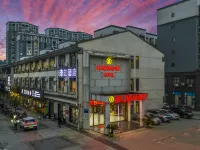 Haojiang Hotel Hotele w: Powiat Jishui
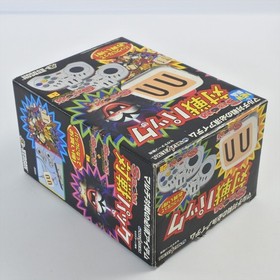 Sega Saturn SBOM Bomberman Taisen Pack S Bom Joy Card Multi Tap -GOOD- Ref 2901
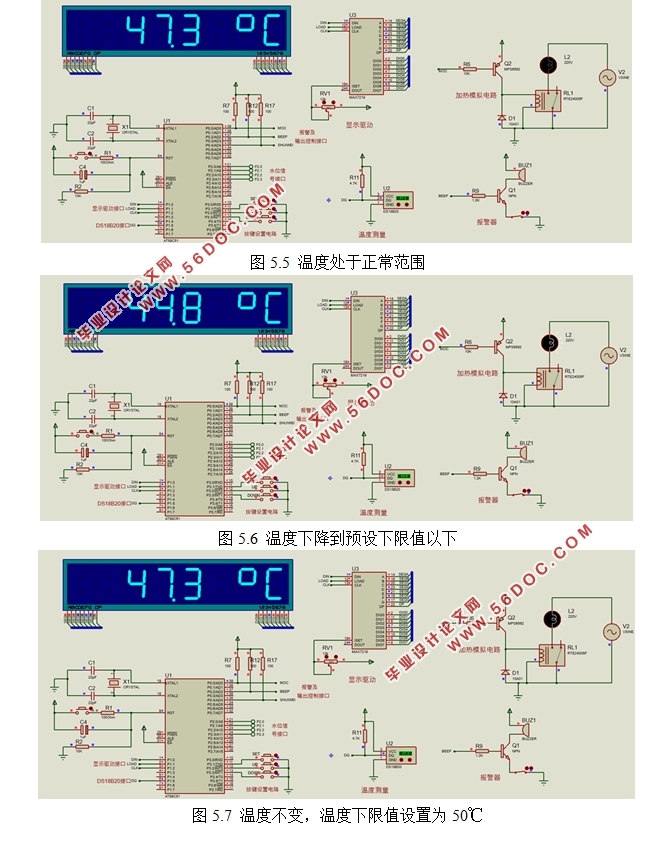 基于单片机的水温控制系统的设计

------------------------------------------------

- Task goal
What is needed is an exact reproduction of the data, pictures excluded.

- Your solution
 Haojiang Hotel Hotele w: Powiat Jishui
 Sega Saturn SBOM Bomberman Taisen Pack S Bom Joy Card Multi Tap -GOOD- Ref 2901
 基于单片机的水温控制系统的设计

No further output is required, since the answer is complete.